:: ACTIVITY ::
Reproduce word for word every line from the one containing "MISFITS ULTRA RARE" to the final line of the data below; omit the pictures.

:: RECORDS SUPPLIED ::
=-=-=
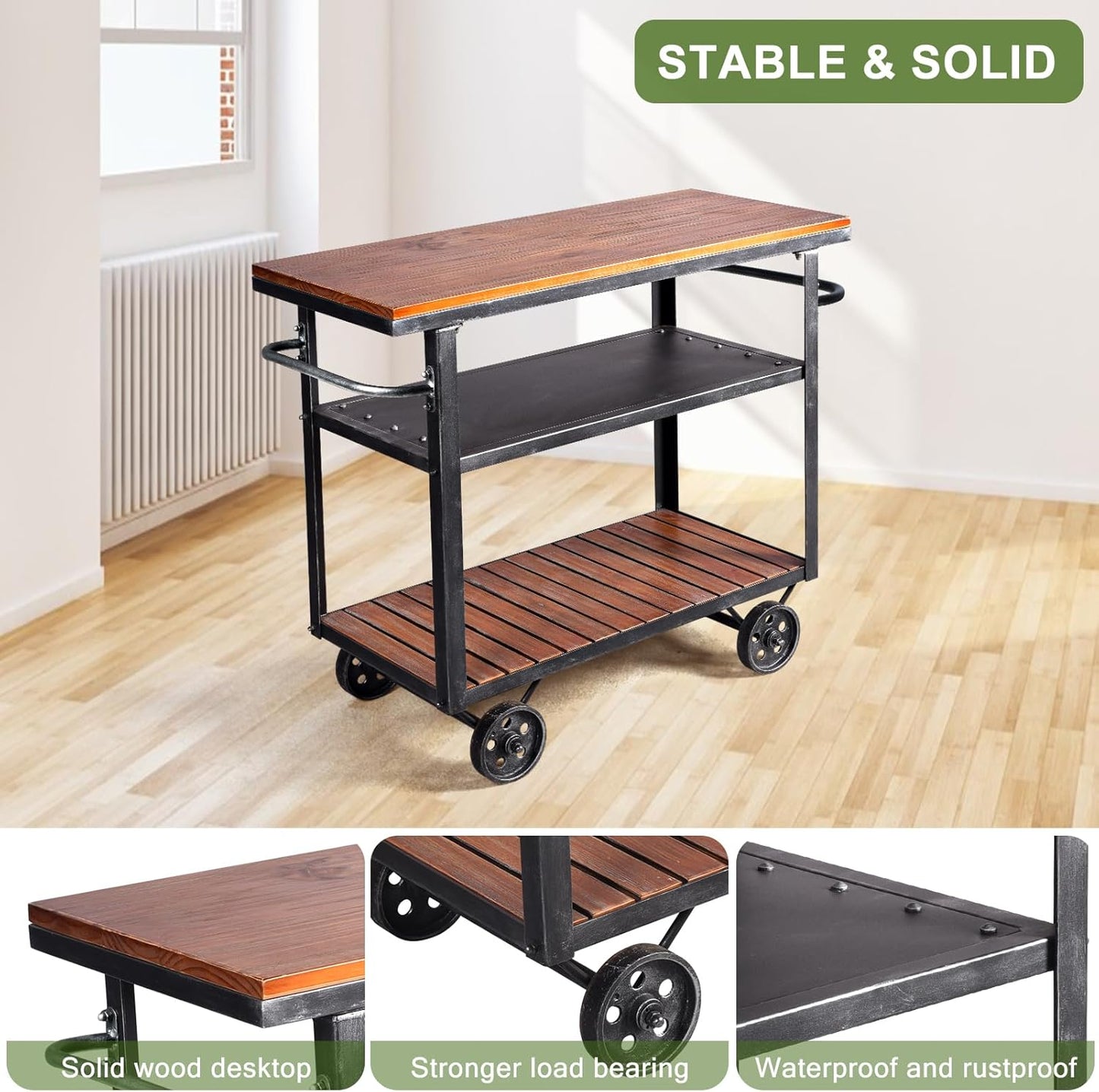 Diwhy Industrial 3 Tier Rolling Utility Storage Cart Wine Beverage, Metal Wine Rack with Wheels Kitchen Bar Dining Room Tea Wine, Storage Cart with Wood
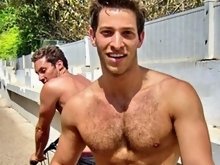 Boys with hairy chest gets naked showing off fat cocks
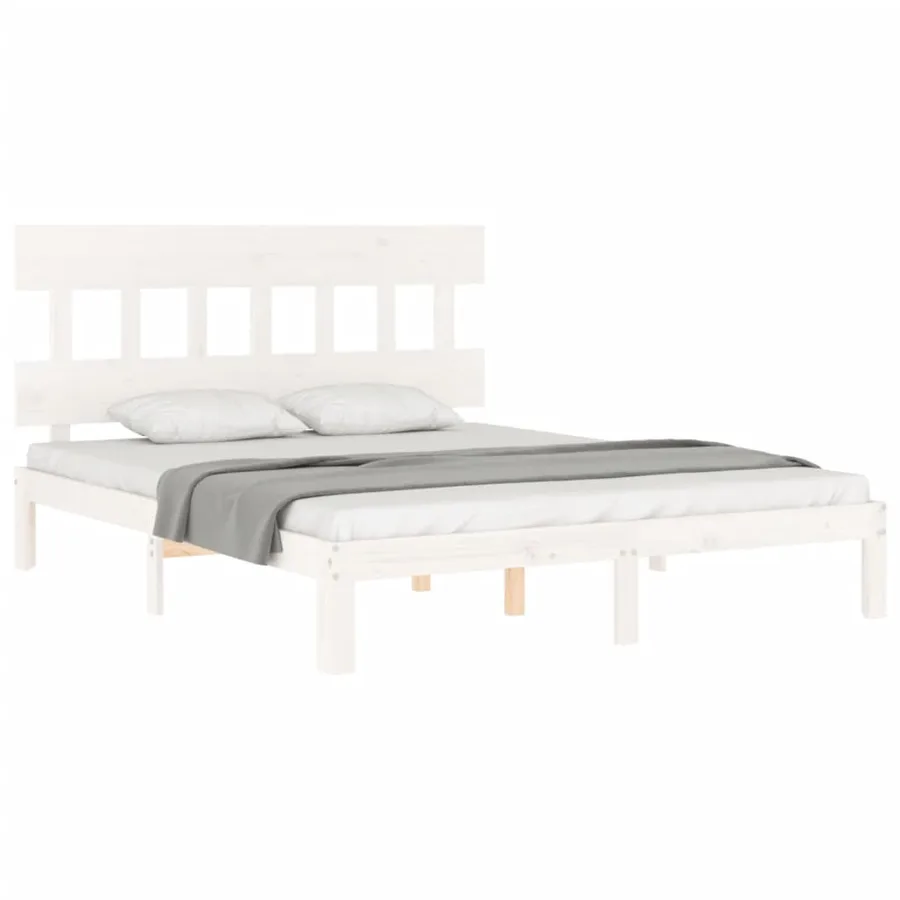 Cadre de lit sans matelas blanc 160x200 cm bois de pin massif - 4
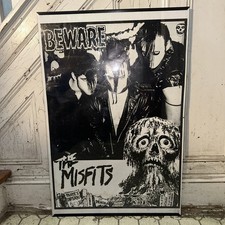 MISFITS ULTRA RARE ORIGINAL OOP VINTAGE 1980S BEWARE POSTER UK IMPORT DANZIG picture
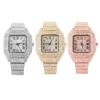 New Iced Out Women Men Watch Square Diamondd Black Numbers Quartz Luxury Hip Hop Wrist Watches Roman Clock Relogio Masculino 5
=-=-=
:: COMPLETED TASK ::
 MISFITS ULTRA RARE ORIGINAL OOP VINTAGE 1980S BEWARE POSTER UK IMPORT DANZIG picture
 New Iced Out Women Men Watch Square Diamondd Black Numbers Quartz Luxury Hip Hop Wrist Watches Roman Clock Relogio Masculino 5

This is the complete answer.